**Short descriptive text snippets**
────────────────

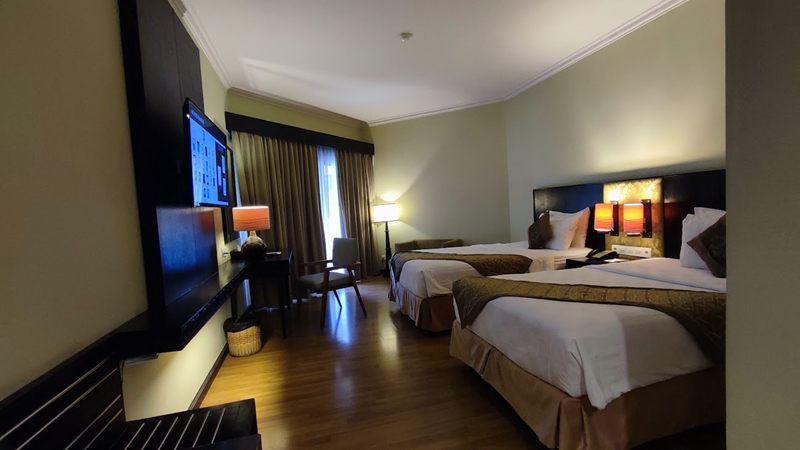 review the singhasari hotel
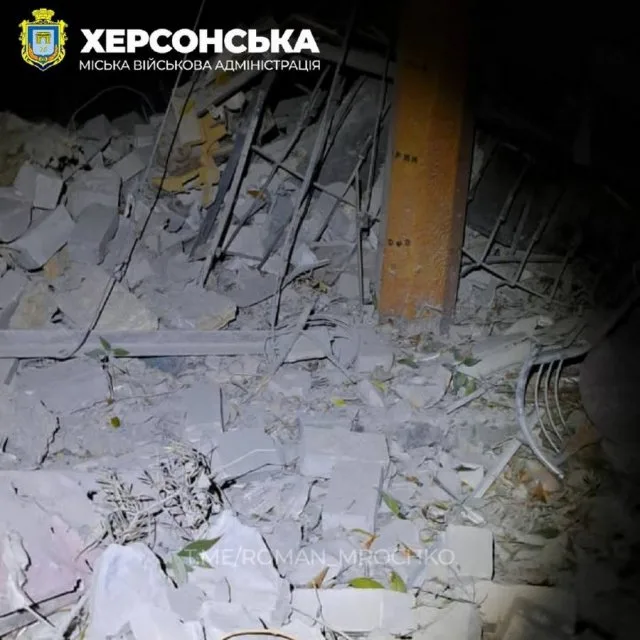 Херсонська МВА показала наслідки вечірнього обстріла міста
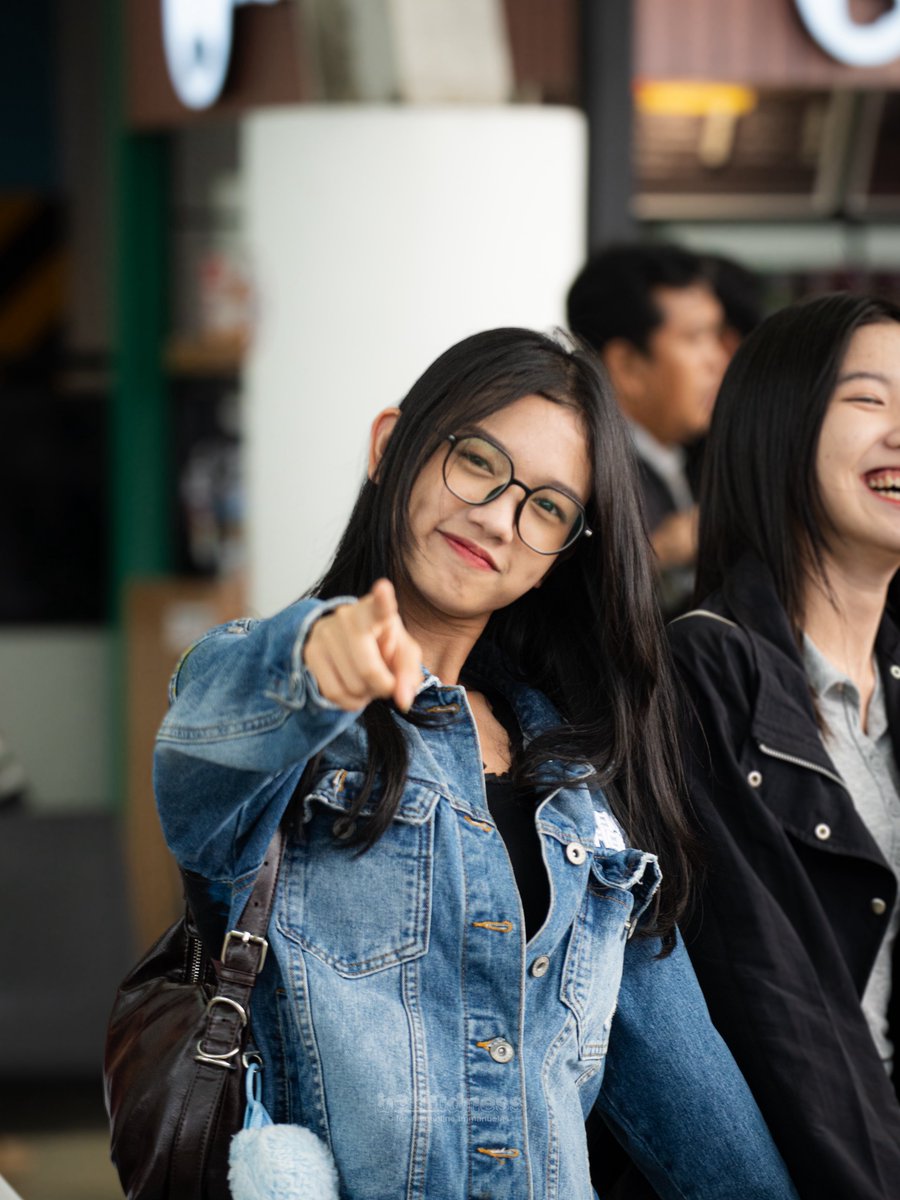 _bekindness's tweet photo. Have a good rest!!!
PRnya jangan lupa dikerjain 🤭
@Ekin_JKT48 

——
29092025
Soekarno-Hatta Int. Airport
#JKT48AirportFashion https://t.co/2rFVcL2PV2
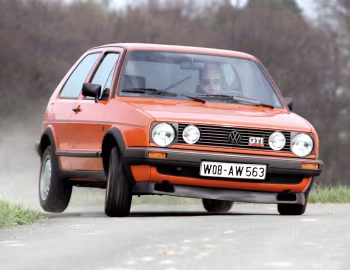 Volkswagen Golf GTI 16V [Worldwide] (Typ 19E) '1986–87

────────────────

**Task brief**
Could you write out the records again exactly, without any of their pictures?

**Expected answer**
 review the singhasari hotel
 Херсонська МВА показала наслідки вечірнього обстріла міста
 _bekindness's tweet photo. Have a good rest!!!
PRnya jangan lupa dikerjain 🤭
@Ekin_JKT48 

——
29092025
Soekarno-Hatta Int. Airport
#JKT48AirportFashion https://t.co/2rFVcL2PV2
 Volkswagen Golf GTI 16V [Worldwide] (Typ 19E) '1986–87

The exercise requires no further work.